Recibí la noticia de la muerte de José Luis Cano la mañana del 15 de febrero, cuando estaba entregado a la relectura de la poesía de Luis Cernuda. Increíble coincidencia, porque la obra de Cernuda era una de las grandes admiraciones de José Luis. Él hubiera podido decir también «Quizá mis lentos ojos no verán más el Sur». Ninguno de los dos volvió a verlo. Cuando en la España de la posguerra el autor de La realidad y el deseo era un «poeta maldito», José Luis le dedicó varios puntuales trabajos que, en cierto modo, nos lo devolvían. Aparecieron, naturalmente, en Ínsula.

Porque hablar de José Luis Cano es hablar de la revista Ínsula, aquella isla -menester es caer en el tópico- de independencia y honestidad, blanca y verde, ventana también abierta al quehacer cultural más insobornable. Quizá su labor continuada de crítico lo desdibujó como poeta. Pero lo fue, y de penetrante emoción, desde que en 1942 publicara sus Sonetos de la Bahía, o desde que cantó, con resonancia aleixandrina, a una muerte contemplada en su eternidad de consuelo. Manejó por entonces José Luis unos ritmos y unas formas peculiares en la línea neorromántica de la época: el endecasílabo romanceado, el soneto y el verso libre caudaloso, en el que la huella de Vicente Aleixandre se marca por la particular o ambivalente o por el adverbio en aumentativo. Poco después, el otoño de la «ciudad del paraíso» le contagió de luz tibia y dorada que en el poema pasa a ser música en el hilo del asonante. Por último, el poeta cede armas melancólicas y difusas a una visión de rasgos realistas, con la ciudad al fondo y el colorismo del barrio humilde, aunque sin abandonar su mirada enamorada de la belleza y de la luz.

Todo sencillo, amoroso y triste

Quiérase o no, un poeta está de alguna manera condicionado por su época, donde confluyen tendencias y maneras de ver. Y en ese contexto se respira por la misma herida. José Luis, a los veinte años, se movía en el aire de la revista Litoral, leía a los maestros de entonces: Cernuda, Prados, Aleixandre, bajo la sombra mayor de Juan Ramón Jiménez.

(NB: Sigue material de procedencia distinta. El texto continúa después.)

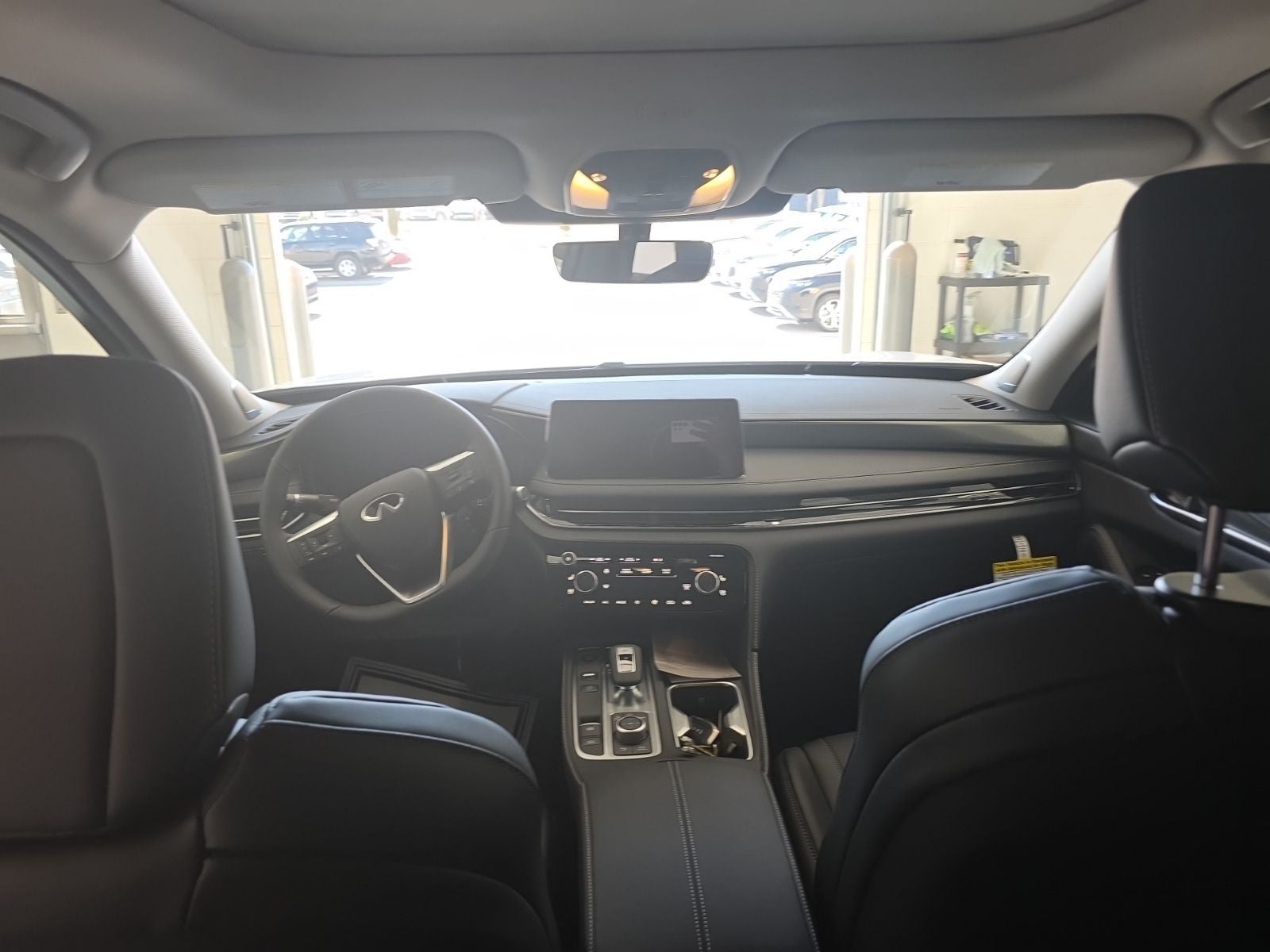 2026 INFINITI QX60 LUXE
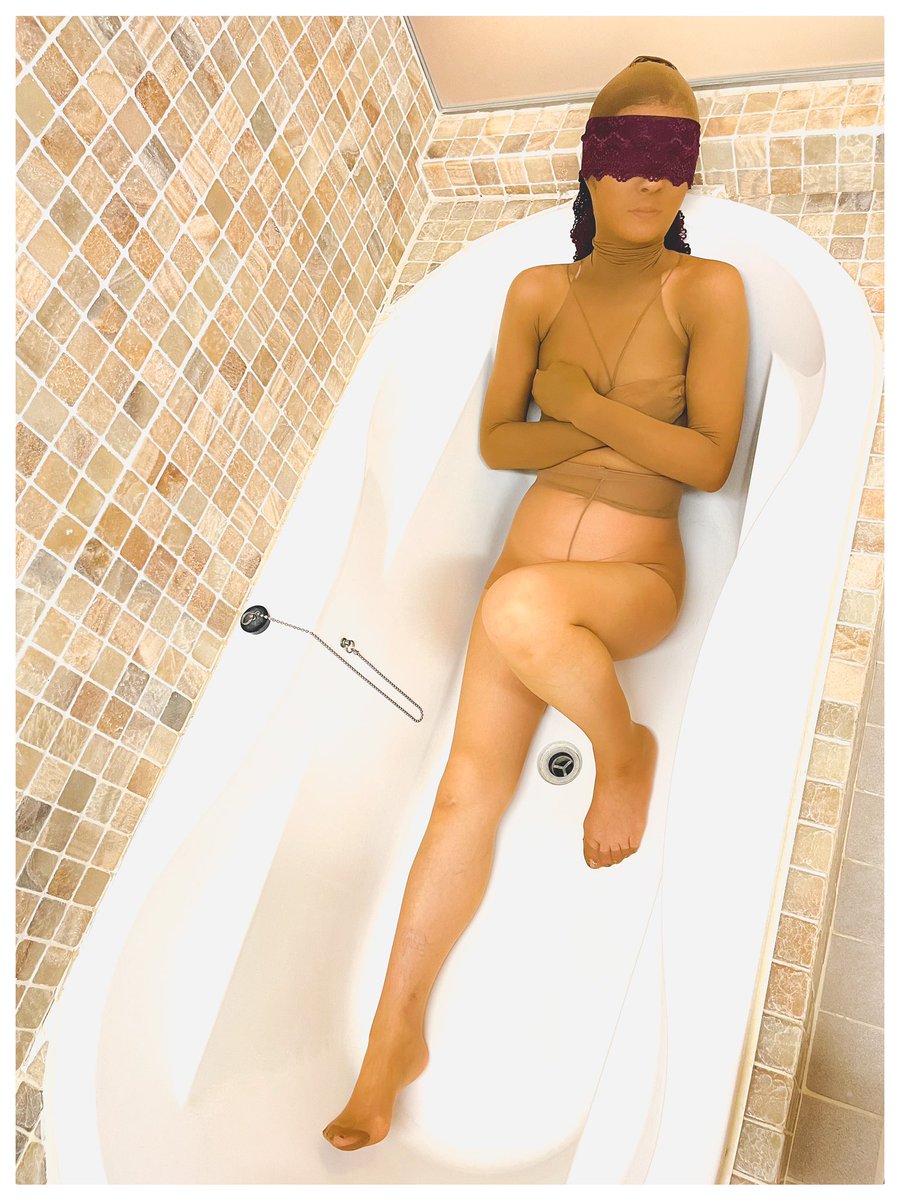 zentai_072's tweet photo. 2022/10

Model:xxxxx

#zentai #tights #pantyhose #nylon #fetish #ゼンタイ #パンスト #タイツ #フェチ https://t.co/ZYVyGlM93H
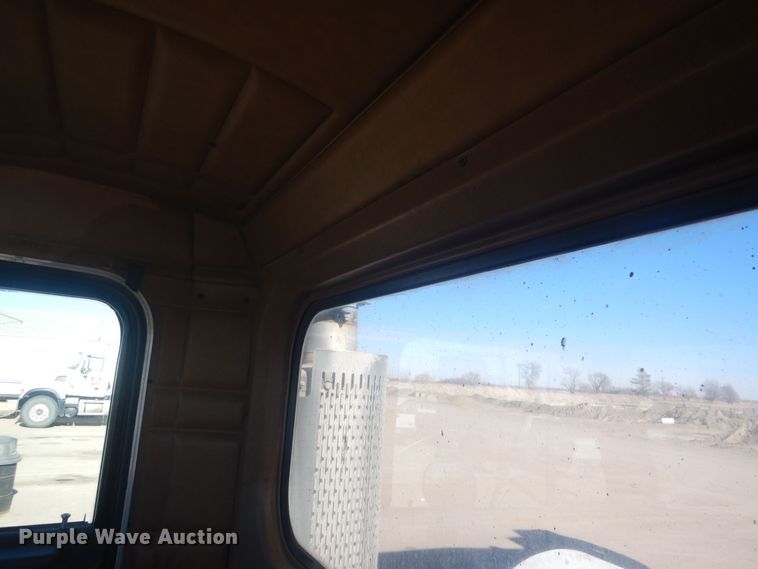 image for item HQ9531 1997 Peterbilt 357  ready mix truck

El 27 triunfaba con su esencialidad lírica. Tras la guerra civil se encontró inmerso en un clima de escisión: la tendencia evasiva y estetizante del neoclasicismo e interiorización de lo que llamaríamos «el paraíso perdido». A lo primero le acompañaba el formalismo rígido; a lo segundo, la vida trémula y la nostalgia. Los primeros pasos de José Luis mantienen el talante -romanticismo, melancolía-, pero se prendan de la forma -gusto por el soneto-.

En la retórica cortesana de la primera posguerra, Cano coloca un soneto de nueva impregnación. Porque es claro que la famosa estrofa cerrada ofrece multitud de matices y, por supuesto, es falso que su empleo envare la expresión y arrastre al retoricismo o a la fórmula repetida a cabeza fría. Quien crea que el soneto es una cárcel para el poeta es que no lo ha escrito nunca y habla desde su incapacidad. Cuando Cano publica su primer libro, la proliferación de sonetos es agobiante, mas la virtud de nuestro poeta está en infundir a los suyos naturalidad, sencillez, emoción; sus endecasílabos se mueven con cierta languidez, como los palmerales de su bahía. No hay amaneramiento ni gongorismos, el paisaje es real, pero trasladado a su corazón, transfigurado en su sentimiento. Percibimos cómo el poeta cruzó por las playas, por los jardines, y que una «alondra de niebla» tocó su frente pensativa. El tema mismo del Peñón de Gibraltar se despoja de resabios heroicos, se apea de empaques de gesta y suena a dolor andaluz, como si se tratara de una mujer de amor perdido. Hay mucho de idiosincrasia andaluza en semejante comprensión. Todo sencillo, amoroso y triste. Incluso cuando el poeta echa mano un momento de la mitología, y de forma breve aparece Niobe, es una sutil alusión al toque de la piedra. Ningún regusto enfático, adjetivaciones cálidas y suaves.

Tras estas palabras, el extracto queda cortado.